The DAA revolution has rapidly transformed treatment of HCV to a point where HCV elimination, according to the WHO’s definition, is an achievable goal in several countries.²¹ However, a barrier to treatment of high-risk populations is limited healthcare contact.²² The outreach model in this study showed that HCV evaluation and treatment initiation of PWUD might be feasible if specialist clinics cooperate with community nurses by offering appointments with infectious disease nurses in the community. This may provide treatment to patients who would not comply with treatment in a specialist outpatient clinic.

Because PWUD frequently serve as a reservoir for infecting others through needle sharing,²³ treatment efforts in this cohort are essential to reaching the WHO elimination goal by 2030. Interestingly, the study showed a great interest in HCV treatment, with all but one treatment-eligible patients wanting further treatment evaluation, in contrast to other studies in PWUD.⁹ It is possible that awareness of interferon-free treatment alternatives has improved the attitude towards HCV treatment. However, follow-up of the patients referred to treatment evaluation was beyond the scope of the study, and the number of patients starting HCV treatment was not recorded.

Data on prevalence, including genotype distribution for different high-risk populations in Norway, are scarce. This is especially true for regions outside of Oslo. In order to get a comprehensive overview of the epidemic in high-risk groups in Norway, data from other regions are also needed. In this study, we prospectively collected samples from three high-risk populations. The 40% anti-HCV prevalence among prisoners is similar to that previously reported in Finland but higher than reports from Spain, the United Kingdom, France, and Denmark.^14,24 Fifty-two percent (32) of the prisoners reported IDU as their risk factor for HCV-infection (Table 1). The high proportion of prisoners who are HCV viraemic, in combination with greater accessibility to the healthcare system, highlights that prisoners are a high-risk group for which outreach programmes are more easily administrated and for which targeted efforts can have great impact on HCV prevalence. The use of illegal drugs is prohibited in prisons and NEPs are thus not available, but the patients can be included in OST programmes by the prison healthcare department.
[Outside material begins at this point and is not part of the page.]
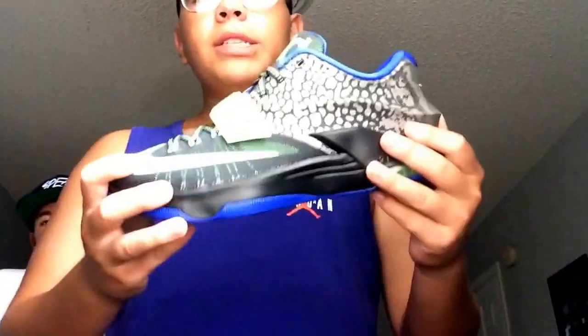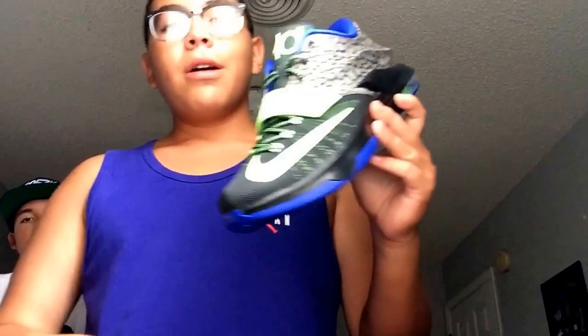Yo, what is happening you guys, Hoodie Boys 23 coming at you guys with my review. Today we got the KD Eels. These were a must cop, man. I got these bad boys for a good 60 bucks on sale with a discount included. These were originally about like $115 around there. I'm gonna get you guys with a review on these bad boys right now.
Globally, the anti-HCV prevalence among Norwegian PWUD was high, although lower than in a recent study from NEP in Stockholm, Sweden.^8,25 In line with the global genotype, distribution 1a and 3 were the most common genotypes in PWUD,²⁶ with genotype 3 being the dominating genotype in PWUD and prisoners in Trondheim. The majority of the PWUD patients with a history of IDU had been injecting for >10 years, suggesting that many of the patients in this study had been infected with HCV for years. Studies have shown that more than half will become HCV infected during the first 4 years of IDU,⁸ so we would have expected more patients to have progressed beyond minimal or mild fibrosis. HIV/HCV and HBV/HCV co-infection rates were low among prisoners and PWUD.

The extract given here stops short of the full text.